Culture days in city
a crokinole
Canadian culture encompasses many facets.
YORKTON - Yorkton is in the midst of Culture Days. 

So what does that exactly mean?

At its simplest it means there are a raft of things to do in the city some already complete and many more through much of October. 

It is always good when there are things for citizens to do that are educational, interesting, fun, and in some cases all three. A community is built when people gather, often becoming better neighbours and even friends in the process. 

But there is a bit more to Culture Days. 

It is a time for people to share in what it is to be Canadian. 

As a nation we are a place with a culture not necessarily easily defined, which is in part because we have stopped trying to shoehorn new Canadians when they arrive here into some pre-determined mold of what it is to be Canadian. 

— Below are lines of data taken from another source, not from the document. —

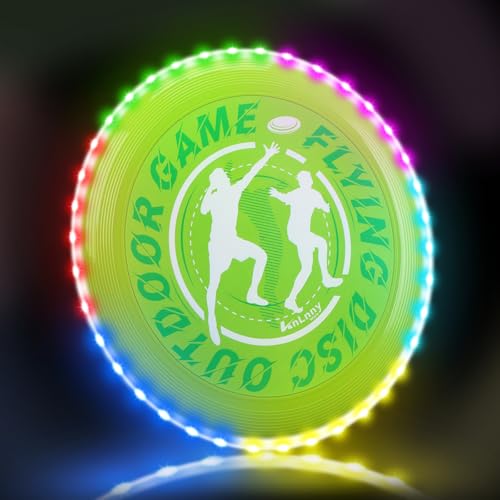 KnLnny Ware LED Flying Disc for Outdoor Games - color: Green-with Light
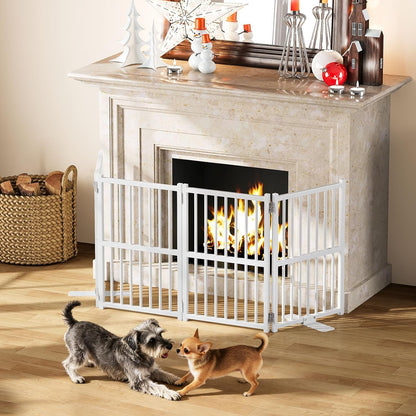 Snughome Short Dog Gate Indoor, 16" High Freestanding Small Dog Door Gates with Support Feet, Expands Up to 48’’ Wide Foldable Pet Gate for Doorway, 4 Panel Folding Pet Door Pet Fence for Puppy, White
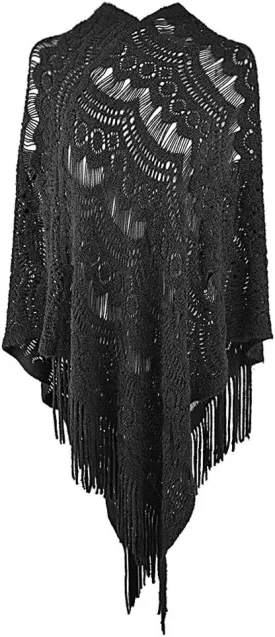 QZUnique Women's Knitted Tassel Shawl Asymmetric Hem Poncho Fringed Pullover Sweater Solid Color Cowl Neck Top Coat Wrap Cape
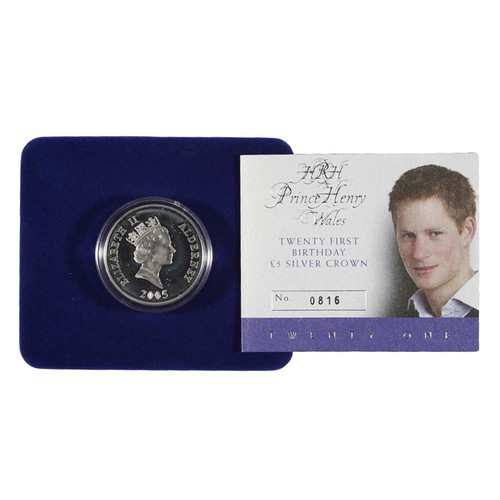 80 - HRH Prince Henry of Wales Twenty First Birthday £5 Silver Crown. Boxed and with COA.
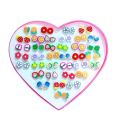 72/Pieces which is 36/Pairs of Studs, Furit, Animal and Flowers Earrings with heart shape Box Colourful and Random Studs earrings set 20% Discount for limited time only best for girls  birthday gift. 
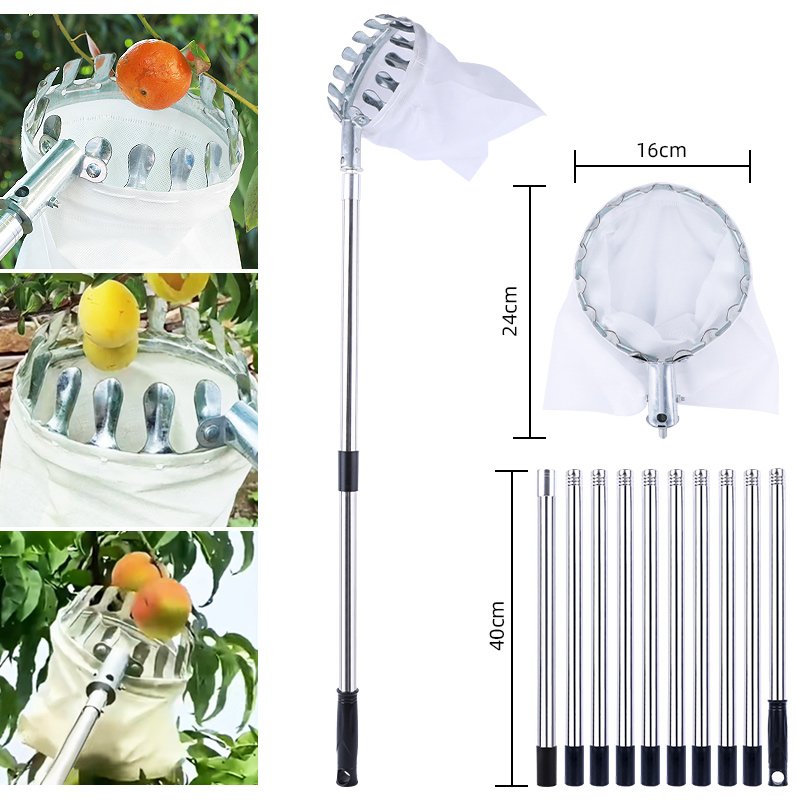 Fruit Picker Metal Basket With Stainless Steel Pole Stick Fruit Picker Telescopic Fruit Picker Tool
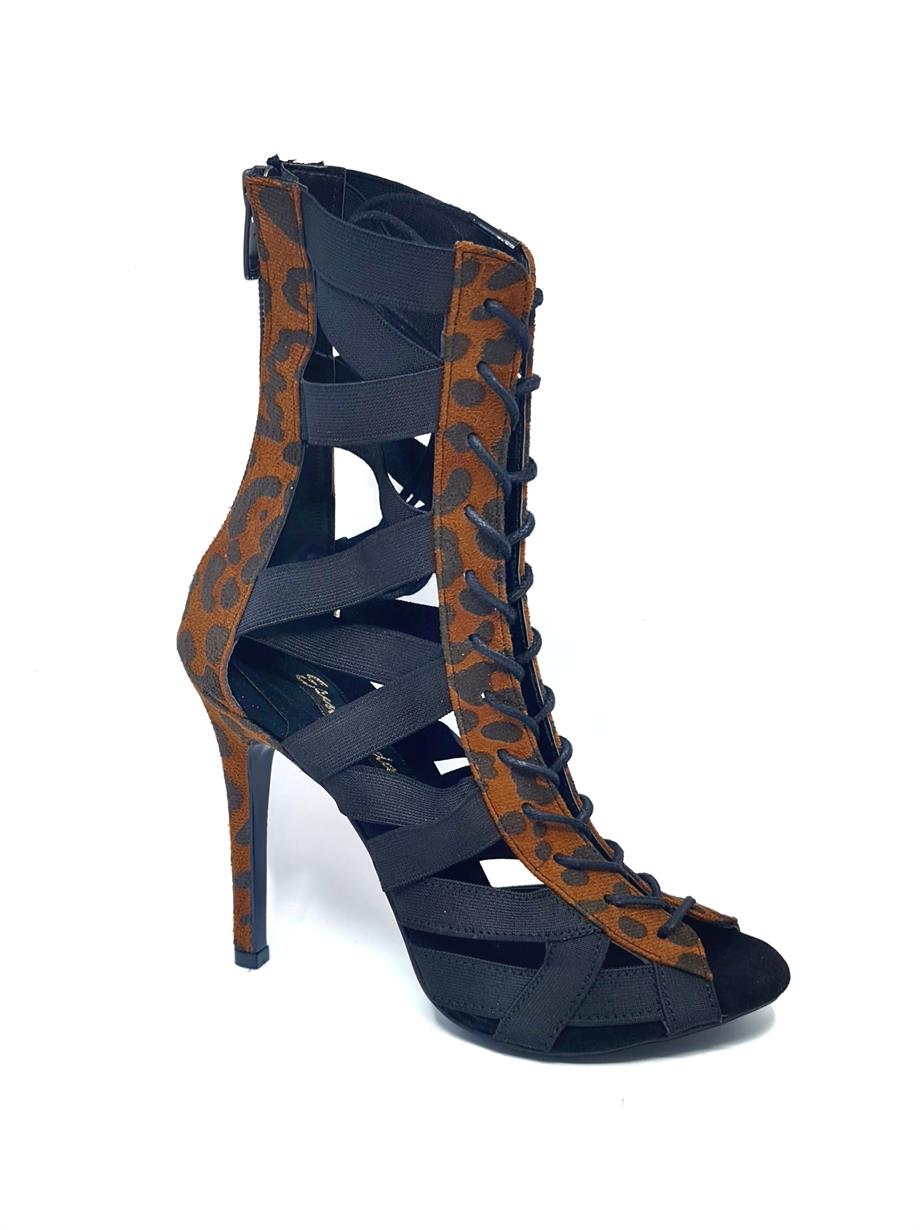 HIGH HEELS LEOPAR KADIN DANS BOTU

Our local region might have been impacted early on by waves of Ukrainian immigrants, their influence still seen in dance troupes and a store in the city dedicated to their food. 

But in Yorkton there are also Asian and Philippine food, not to mention restaurants with East Indian and Mexican options. 

Canada has learned to open its arms wide and accept what people from around this world might add to our country. 

Sure there are things we like to think are uniquely Canadian – hockey leading the list, although the sport’s origin is at best murky, and almost assuredly not in Canada although few countries were as eager to develop the sport into what it would become than Canadians, so we don’t need to apologize for thinking it is our game. 

Then there are things such as snowshoes and canoes, and Canada’s summer sport lacrosse, but of course they were things developed long before there was a Canada, or before even the first explorer found the shores of what would become our country. 

So our culture is an elastic thing. 

Or, perhaps a better description might be sponge. 

We absorb the best things that come along.  

The Scottish among us still gather to feast on haggis for Robbie Burns Day.  

Ukrainians will gather to remember Taras Shevchenko. 

Doukobors still mark the laying down of arms. 

Powwows are held all over our country. 

And as Canadians we are learning every year to better relish our diversity; to accept it, and take part in it. 

You do not have to be Scottish to eat haggis, or First Nations to enjoy the drum. 

And therein might be the key to our collective culture; we grow as a country because of our diversity. Culture Days just gives us a reason to celebrate that diversity together.